I am trying to estimate the the density of a data set at certain points, using scipy.
from scipy.stats import gaussian_kde
import numpy as np
I have a dataset A
of 3D points (this is just a minimal example. My actual data has many more dimensions and many more samples)
A = np.array([[0.078377 , 0.76737392, 0.45038174],
[0.65990129, 0.13154658, 0.30770917],
[0.46068406, 0.22751313, 0.28122463]])
and the points at which I want to estimate the density
B = np.array([[0.40209377, 0.21063273, 0.75885516],
[0.91709997, 0.79303252, 0.65156937]])
But I can't seem to be able to use the gaussian_kde
function, as
result = gaussian_kde(A.T)(B.T)
returns
LinAlgError: Matrix is not positive definite
How do I fix this error? How do I get the density of my sample?

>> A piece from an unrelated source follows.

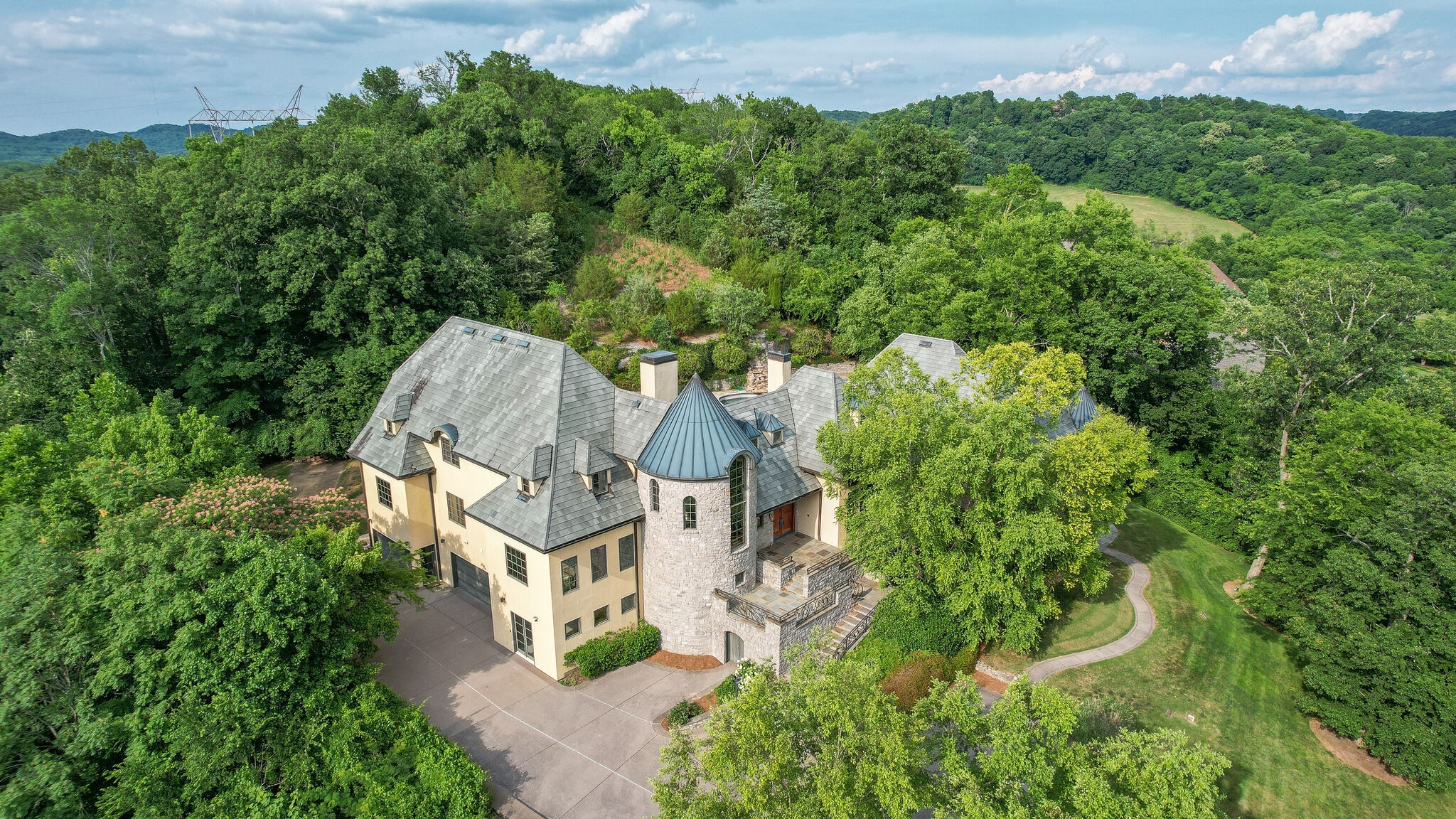 510 Legends Ridge Court Franklin, TN 37069 - Photo 3 of 46 Gallery Image 3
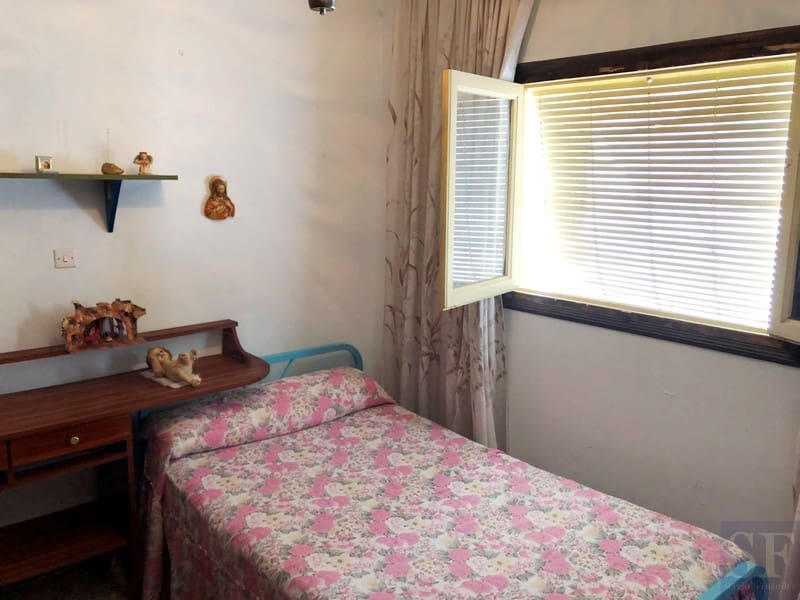 4 bedroom Townhouse for sale in Competa - € 99,000 (Ref: 4732852)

You have highly correlated features in your data which leads to a numerical error. There are several possible ways to address this, each with pros and cons. A drop-in replacement class for gaussian_kde
is proposed below.
Your dataset
(i.e. the matrix that you feed when creating the gaussian_kde
object, not when using it), likely contains highly dependent features. This fact (possibly combined with having low numerical resolution like float32
and "too many" datapoints) causes the covariance matrix to have near-zero eigenvalues, which due to numerical error can get below zero. This in turn will break the code that uses the Cholesky decomposition on the dataset covariance matrix (see explanation for specific details).
Assuming your dataset has shape (dims, N)

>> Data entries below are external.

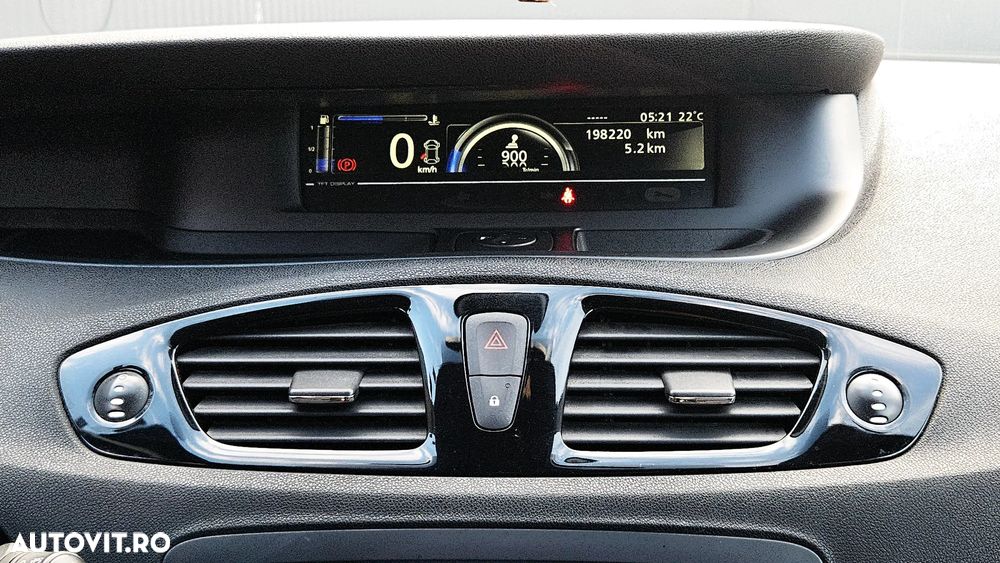 Renault Grand Scenic - 21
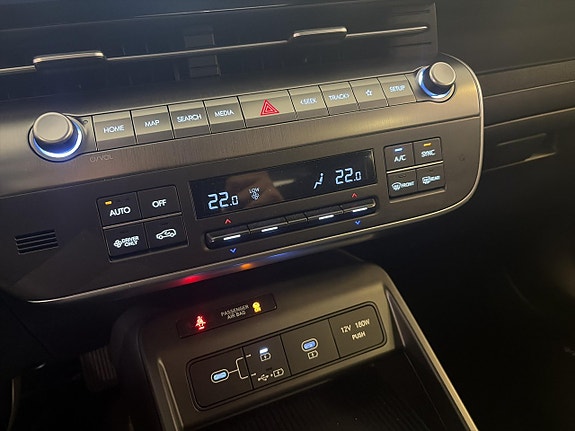 Hyundai Kona 8 of 11
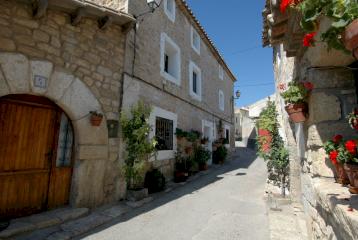 Casa rústica en Fuendetodos, ciudad natal de Goya, en venta conjunta con una moderna galería de arte. Excelente doble oportunidad de inversión, negocio o residencia en una exclusiva y emblemática población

you can test if this is your problem via np.linalg.eigh(np.cov(dataset))[0] <= 0
. If any of the outputs comes out True
, let me be the first welcoming you to the club.
The idea is to get all eigenvalues above zero.
Increasing numerical resolution to the highest float that is practical can be an easy fix and worth trying, but may not be enough.
Given the fact that this is caused by correlated features, removing datapoints doesn't help much a priori. There is a slim hope that having less numbers to crush will propagate less error, and keep the eigenvalues above zero. It's easy to implement but it discards data points.
A more involved fix is to identify the highly correlated features and merge them or ignore the "superfluous" ones. This is tricky especially if the correlations among dimensions vary from instance to instance.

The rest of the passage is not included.